SOURCE MATERIAL:
★ ★ ★ ★

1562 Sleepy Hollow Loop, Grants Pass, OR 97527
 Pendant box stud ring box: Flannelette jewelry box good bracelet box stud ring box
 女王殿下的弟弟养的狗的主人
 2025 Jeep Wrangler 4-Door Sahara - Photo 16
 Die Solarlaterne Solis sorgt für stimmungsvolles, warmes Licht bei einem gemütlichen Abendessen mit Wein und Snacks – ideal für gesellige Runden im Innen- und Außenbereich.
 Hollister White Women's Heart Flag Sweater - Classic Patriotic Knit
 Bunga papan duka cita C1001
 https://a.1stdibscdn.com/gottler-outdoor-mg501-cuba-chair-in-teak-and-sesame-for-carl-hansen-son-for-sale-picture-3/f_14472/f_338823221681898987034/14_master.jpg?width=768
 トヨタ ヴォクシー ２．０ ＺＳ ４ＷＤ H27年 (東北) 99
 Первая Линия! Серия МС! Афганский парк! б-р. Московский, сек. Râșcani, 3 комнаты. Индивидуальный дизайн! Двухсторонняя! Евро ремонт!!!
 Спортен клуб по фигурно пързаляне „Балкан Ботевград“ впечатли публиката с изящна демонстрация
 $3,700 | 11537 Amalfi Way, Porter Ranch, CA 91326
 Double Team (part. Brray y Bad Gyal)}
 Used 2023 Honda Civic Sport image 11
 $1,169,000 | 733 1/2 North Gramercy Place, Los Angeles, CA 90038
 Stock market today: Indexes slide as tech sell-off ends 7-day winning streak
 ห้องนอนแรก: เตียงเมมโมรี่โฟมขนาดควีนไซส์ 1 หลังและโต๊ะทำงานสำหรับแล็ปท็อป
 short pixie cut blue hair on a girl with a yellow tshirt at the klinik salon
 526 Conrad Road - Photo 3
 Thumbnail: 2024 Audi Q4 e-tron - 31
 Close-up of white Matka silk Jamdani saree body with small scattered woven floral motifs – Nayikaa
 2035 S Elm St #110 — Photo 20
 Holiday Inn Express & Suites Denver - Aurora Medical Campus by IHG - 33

★ ★ ★ ★

WORK TO BE COMPLETED: In full and exactly, transcribe the material above.

EXERCISE OUTPUT:
1562 Sleepy Hollow Loop, Grants Pass, OR 97527
 Pendant box stud ring box: Flannelette jewelry box good bracelet box stud ring box
 女王殿下的弟弟养的狗的主人
 2025 Jeep Wrangler 4-Door Sahara - Photo 16
 Die Solarlaterne Solis sorgt für stimmungsvolles, warmes Licht bei einem gemütlichen Abendessen mit Wein und Snacks – ideal für gesellige Runden im Innen- und Außenbereich.
 Hollister White Women's Heart Flag Sweater - Classic Patriotic Knit
 Bunga papan duka cita C1001
 https://a.1stdibscdn.com/gottler-outdoor-mg501-cuba-chair-in-teak-and-sesame-for-carl-hansen-son-for-sale-picture-3/f_14472/f_338823221681898987034/14_master.jpg?width=768
 トヨタ ヴォクシー ２．０ ＺＳ ４ＷＤ H27年 (東北) 99
 Первая Линия! Серия МС! Афганский парк! б-р. Московский, сек. Râșcani, 3 комнаты. Индивидуальный дизайн! Двухсторонняя! Евро ремонт!!!
 Спортен клуб по фигурно пързаляне „Балкан Ботевград“ впечатли публиката с изящна демонстрация
 $3,700 | 11537 Amalfi Way, Porter Ranch, CA 91326
 Double Team (part. Brray y Bad Gyal)}
 Used 2023 Honda Civic Sport image 11
 $1,169,000 | 733 1/2 North Gramercy Place, Los Angeles, CA 90038
 Stock market today: Indexes slide as tech sell-off ends 7-day winning streak
 ห้องนอนแรก: เตียงเมมโมรี่โฟมขนาดควีนไซส์ 1 หลังและโต๊ะทำงานสำหรับแล็ปท็อป
 short pixie cut blue hair on a girl with a yellow tshirt at the klinik salon
 526 Conrad Road - Photo 3
 Thumbnail: 2024 Audi Q4 e-tron - 31
 Close-up of white Matka silk Jamdani saree body with small scattered woven floral motifs – Nayikaa
 2035 S Elm St #110 — Photo 20
 Holiday Inn Express & Suites Denver - Aurora Medical Campus by IHG - 33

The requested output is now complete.